Set down exactly the lines that run from the one containing "En Juan N. Fernández." to the end of the material below, both included, without pictures.

**Given information**
=-=-=-=-=

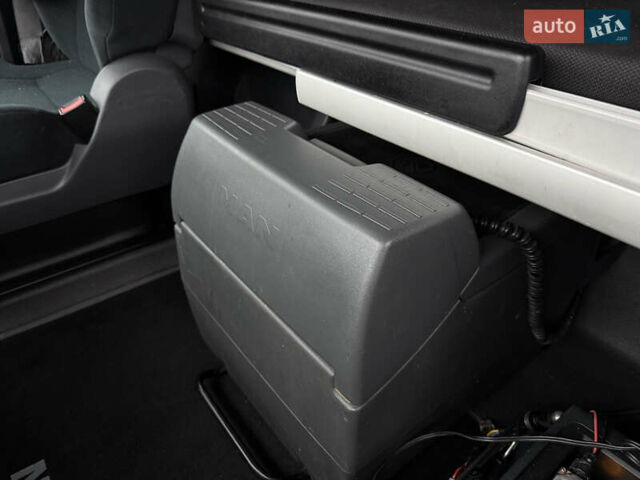 МАН ТГКС 2016 в Киеве на Automoto.ua Синий МАН ТГКС, объемом двигателя 12.42 л и пробегом 600 тыс. км за 24999 $, фото 22 на Automoto.ua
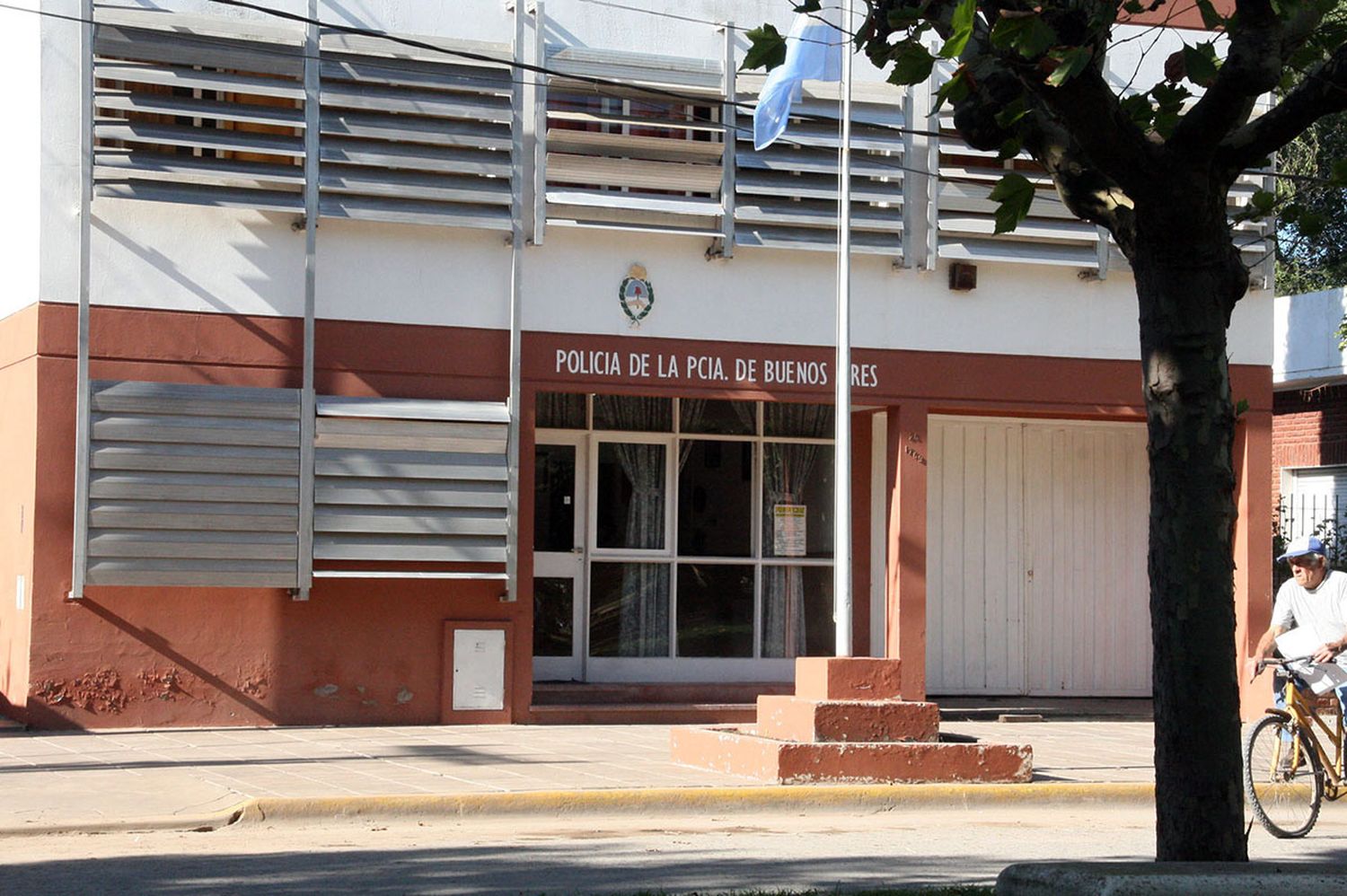 En Juan N. Fernández. Se registraron las reiteradas estafas a adultos mayores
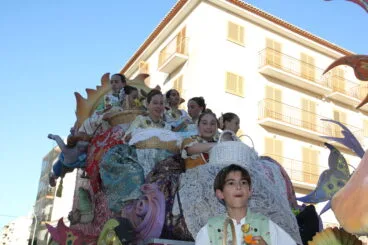 Primer día de desfile de carrozas de Fogueres Xàbia 2022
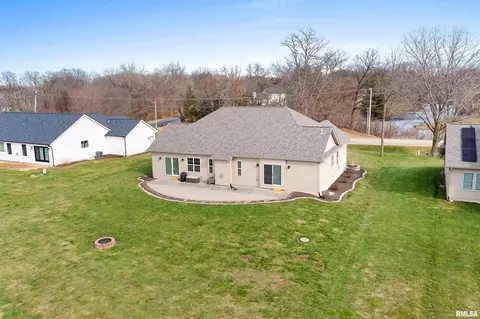 5019 S Cameron Ln, Mapleton, IL 61547 photo 3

=-=-=-=-=

**Task result**
 En Juan N. Fernández. Se registraron las reiteradas estafas a adultos mayores
 Primer día de desfile de carrozas de Fogueres Xàbia 2022
 5019 S Cameron Ln, Mapleton, IL 61547 photo 3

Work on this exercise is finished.